Donnerstag, 8. November 2018

Im Jahrtausendwald (Carlsen)


Im Jahrtausendwald (Carlsen)


Seine Eltern ließen sich scheiden und da Watarus Mutter psychisch und körperlich stark angeschlagen ist, sich somit nicht um ihren 10-jährigen Jungen kümmern kann, soll er zu ihren Eltern aufs Land ziehen. Von der Wohnung im hektischen Tokyo kommt Wataru zu seinem Großeltern, die in dem kleinen Walddörfchen Tottori Leben. Es fällt ihm zuerst schwer sich in das Leben dort und seine viel kleinere neue Schule einzufinden. Zugleich stellt er jedoch auch fest, dass die neue Nähe zur Natur auch etwas heilendes hat. So findet er Trost in dem Grün um ihn herum.

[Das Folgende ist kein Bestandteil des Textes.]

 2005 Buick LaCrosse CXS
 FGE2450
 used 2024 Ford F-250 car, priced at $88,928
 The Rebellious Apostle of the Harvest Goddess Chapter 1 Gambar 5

„Im Jahrtausendwald“ war für mich ein sehr emotionaler Comic/Manga. Nicht nur weil es sich wie bei vielen Geschichten des von mir sehr geliebten Mangaka Jiro Taniguchi um eine sehr melancholisch schöne Erzählung handelt, sondern weil es auch sein letztes Projekt war an dem er auch noch bis zu seinem Tod im Februar 2017 arbeitete.

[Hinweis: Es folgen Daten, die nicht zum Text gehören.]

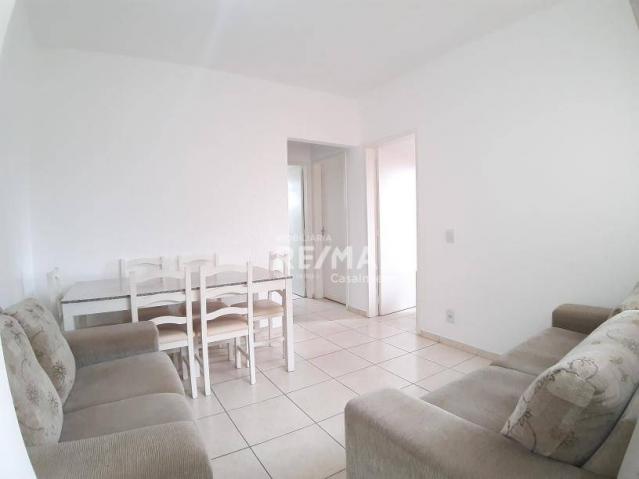 Apartamento com 2 dormitórios à venda, por R$ 155.000,00 - Outeiro de Passárgada - Cotia/S - Foto 2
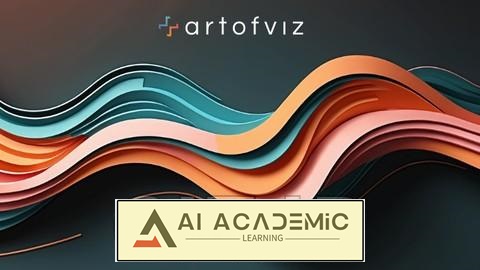 دوره‌ کامل گواهینامه‌ حرفه‌ای Tableau Desktop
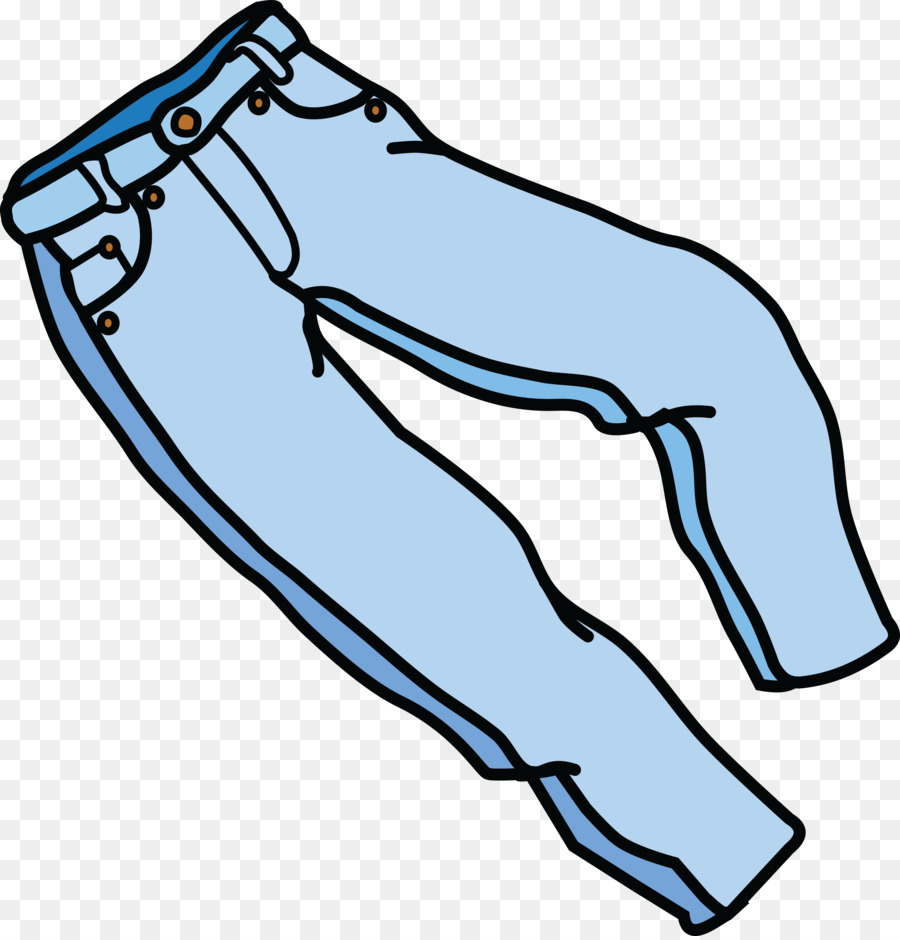 Detail Jeans No Background Nomer 33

Diese Geschichte war eine Arbeit für einen französischen Verlag, daher überwiegt hier bei der Mischung aus Mangaästhetik und frankobelgischen Stil auch der europäische Einfluss. Mit seinen unter 50 Seiten ist der Jahrtausendwald eine sehr kurze Geschichte. Weitere Bände waren vor Taniguchis Tod in Arbeit, wurden jedoch nur zum Teil von ihm umgesetzt. Taniguchis Erzählart kommt auch hier mit sehr wenigen Worten aus. Dadurch ist dieser Comic aber nicht viel mehr als ein Prolog zu dem was jetzt nie mehr folgen soll. Was Taniguchi fertigstellen konnte ist aber eine wunderschön und ruhig erzählte Geschichte über eine schwere Kindheit und zugleich eine Warnung vor der Zerstörung unserer Umwelt, die nicht nur für unserer körperliches Überleben, sondern auch für unsere seelische Gesundheit unentbehrlich ist.

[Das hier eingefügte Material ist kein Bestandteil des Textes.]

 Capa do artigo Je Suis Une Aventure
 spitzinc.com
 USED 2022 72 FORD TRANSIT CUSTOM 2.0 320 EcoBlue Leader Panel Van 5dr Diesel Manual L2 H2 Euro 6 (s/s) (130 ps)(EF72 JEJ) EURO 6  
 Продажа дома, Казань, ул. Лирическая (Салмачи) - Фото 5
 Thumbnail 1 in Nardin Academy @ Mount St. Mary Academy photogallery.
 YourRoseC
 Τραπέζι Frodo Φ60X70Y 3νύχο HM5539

Da es sich hier um eine Arbeit für den westlichen Markt handelt, ist der gesamte Comic koloriert. Bei vielen Mangaka würde ich mich sicherlich freuen mehr ihrer Arbeiten in Farbe zu sehen, aber gerade bei Taniguchi liebe ich die unglaublich detailverliebten Naturdarstellungen zu sehr. Leider werden viele dieser Details durch die Farben aufgefressen, was ich persönlich eher schade finde. Toll sind aber die Kreaturen Designs die sehr an frankobelgische Science-Fiction Comics der Siebzieger erinnern.

Auch wenn „Im Jahrtausendwald“ für mich nicht zu Taniguchis besten Arbeiten gehört, konnte mich der Comic dennoch emotional packen. Die Gefühlswelt des kleinen Wataru wird glaubhaft rüber gebracht und das ohne zu viele Worte darüber zu verlieren. Optisch ist es wunderschön verträumt und wundervoll unmodern, aber trotzdem keine seiner schönsten Arbeiten.

Der Hardcover Band im querformat kommt mit über 40 Seiten Bonusmaterial. Darunter viele Hintergrundinformationen zum Projekt, inklusive vieler Skizzen und frühen entwürfen, einer Taniguchi Biografie und einer Reihe von Nachrufen.